BlackCat, a ransomware-as-a-service organization that is also known as ALPHV, has reportedly been playing with Henry Schein since October 14 when it struck the company, leading a one-month pause in most of its business operations.
Almost three weeks after the cyber hit, on November 2, BlackCat claimed on a leak site on the dark web that it had breached Henry Schein’s network and looted 35TB -- 1TB is equivalent to about 200,000 five-minute songs -- of sensitive data, which included payroll and shareholder information. Also, it threatened to dump the stolen data.
Furthermore, the cybercriminals alleged that its negotiations with the company had failed, so it reencrypted the healthcare giant’s devices again just as Henry Schein was close to restoring its systems. Not long after the gang took responsibility for the attack, BlackCat’s post on the leak site was deleted. The deletion of the post possibly indicated that Henry Schein had paid the ransom or that negotiations between the groups had resumed.
On November 13, Henry Schein announced that its e-commerce platforms and distribution businesses were fully operational.
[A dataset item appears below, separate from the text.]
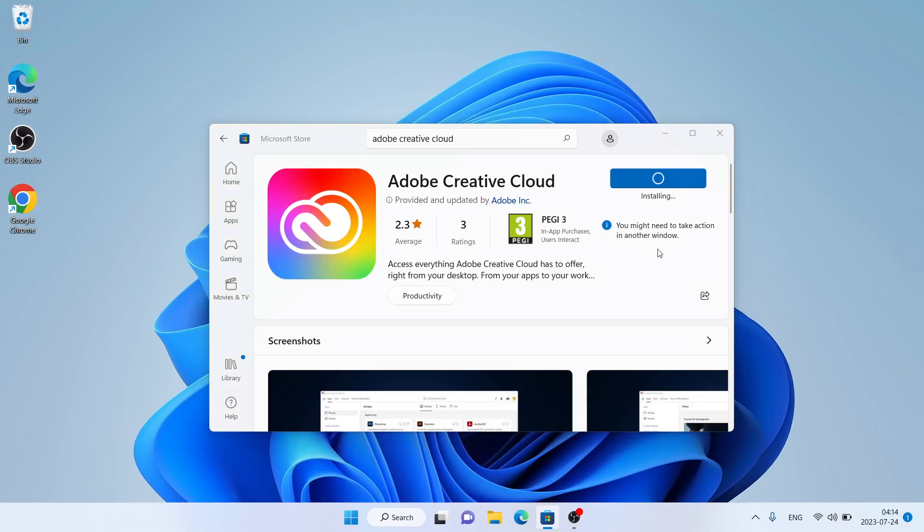Download finished. Click yes. Now it may take a while.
At the time, Schein informed customers and suppliers in the U.S. that the cyberstrike may have exposed their sensitive data, including bank account and credit card numbers, to third parties and encouraged both groups to be vigilant about changing passwords and monitoring their accounts for suspicious activity.
Also, Henry Schein announced that the cyberattack was expected to hurt its sales for 2023. The company’s full-year 2023 sales are expected to be approximately 1% to 3% lower than its total sales in 2022.
In more bad news for the company, it reported on November 16 that its cybersecurity mess led to the dental distributor’s noncompliance with the listing requirements of the Nasdaq Stock Market.
Henry Schein expected the notice because it had not filed its quarterly report, which is required by Nasdaq and the U.S. Securities and Exchange Commission (SEC), for the quarter that ended September 30 in a timely manner. The company notified the SEC that limited access to information, which was due to it having to take certain systems offline following the cyberstrike, prevented it from filing the report by the deadline.